J’ai voulu faire ma maligne en faisant une thèse sur l’Australie, alors maintenant il faut assumer. Je suis hébergée dans un bâtiment de l’université d’Adelaïde : une grande maison très froide à l’écart du centre-ville, qui doit bien pouvoir accueillir 10 personnes, mais bon « là vous avez pas de chance, vous serez toute seule pendant 15 jours ». J’ai bien choisi ma période, c’est l’intersemestre. Et sans internet bien sûr. Je cours donc acheter une clé 3G qui, même si elle me permet de regarder la météo, me condamne à dire adieu aux vidéos Youtube sur des chatons prenant des bains qui mangeraient mon forfait en deux minutes. Je décide donc d’aller faire un tour dans les rues animées de North Adelaide. A 17h il fait nuit noire, comme à Duke, comme à Canterbury en hiver, mais je n’y suis toujours pas habituée. Et l’éclairage public est en option dans la plupart des rues. Bon c’est pas grave, je devrais être guidée par les bruits des chopes de bière qui tintent, des éclats de rire et des rediffusions de matchs de rugby. Le hasard fait bien les choses, le Petit Futé m’apprend que j’habite à proximité de deux rues fameuses pour leurs soirées animées : O’Connell Street et Melbourne Street. Je me délecte à l’idée de bars enfumés et de beaux surfeurs que je vais pouvoir charmer avec mon frrrench accente. Je vérifie trois fois le nom ma carte, oui oui c’est bien là. On se croirait à Clermont-Ferrand un samedi soir d’avril (cf. les championnats de France 2000 et le seul restaurant d’ouvert qui était un kebab). Ils n’ont pas de pub dans ce pays ? A force de vouloir se la jouer chic et européen avec des fine dining restaurants tous les 10 mètres, il n’y a plus que ça. Je rentre déçue la queue entre les jambes manger des tartines au ketchup et aux brocolis (j’exagère, ça s’était en Angleterre avec Claire, mais presque), et regarder des films d’auteur (LOL notamment). Ma solitude fait pâle figure à côté des déboires des ados d’aujourd’hui.
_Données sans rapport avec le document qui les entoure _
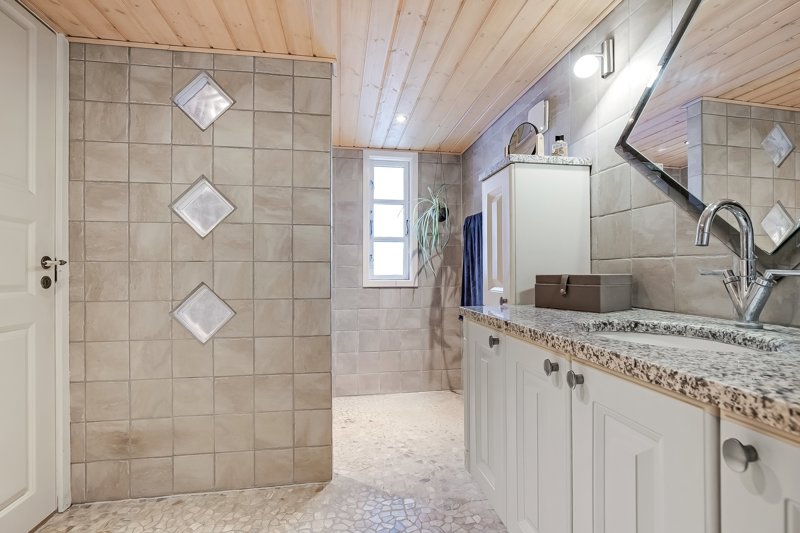 Property image number 9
Chroniques australiennes 1

Les Australiens sont obsédés par l’idée que l’on pourrait introduire des parasites chez eux. Ils ont dû être vaccinés avec ces histoires de lapins et de dingos qui ont ravagé la faune locale, et les ont conduit à construire des murs de plusieurs milliers de kilomètres de long au beau milieu du désert. Résultat, interdiction de ramener sur leur sol pur quelque nourriture que ce soit, même celle de l’avion. Des panneaux très sérieux dans l’aéroport avertissent les trafiquants de mouches à fruits des ennuis judiciaires auxquels ils s’exposent. Avant d’atterrir, on remplit un questionnaire très sérieux nous demandant si l’on amène des charcuteries et autres saucisses fabriquées à domicile. Ils ont même mis au point un « unauthorized goods detection device » très perfectionné : une chienne renifleuse. Evidemment, à la vue de mon passeport français, j’ai droit à la chienne, et à un officier qui me regarde droit dans les yeux et me demande avec insistance et un fort accent indien : « camemberte ? foie gouas ? pâtéé ? saucisse ? ». C’est plus fort que moi, je rigole (la fatigue sans doute), et là je comprends mon erreur. Direct à la chienne ! Mais la chienne s’en fout que je rigole et me laisse partir car j’avais tellement faim à Singapour que j’ai fini en douce dans la salle d’embarquement mon pâté au camembert et mes klougs roulés à la main sous les aisselles.